● **What the exercise asks**
Print the listing below a second time, exactly, and omit its images.

──────── Data below ────────

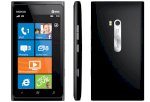 Bán Nokia Lumia 900 Và Lumia 800 Mới Tại Hcm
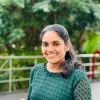 Amaya Ramesh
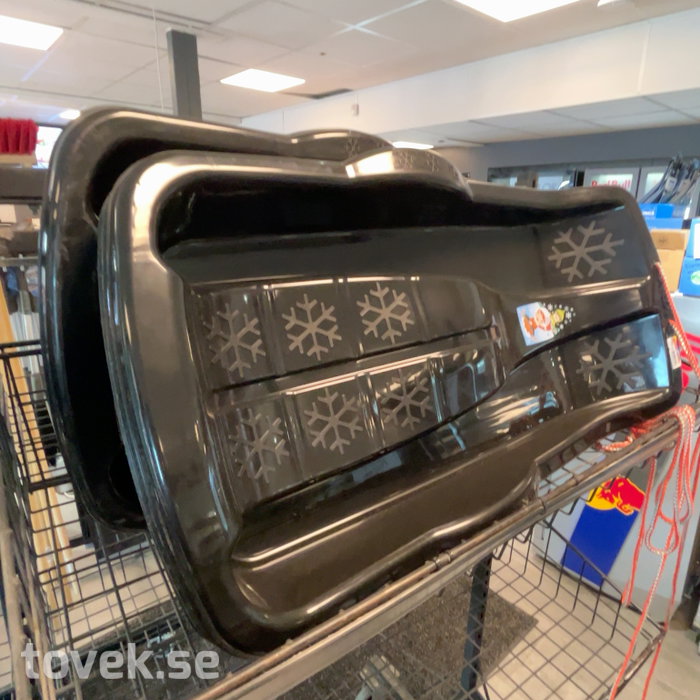 Slider image 6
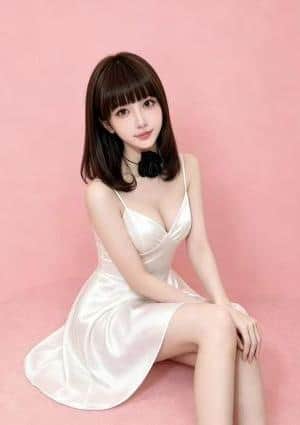 Milky（ミルキー） りかちゃん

────────

● **Expected answer**
 Bán Nokia Lumia 900 Và Lumia 800 Mới Tại Hcm
 Amaya Ramesh
 Slider image 6
 Milky（ミルキー） りかちゃん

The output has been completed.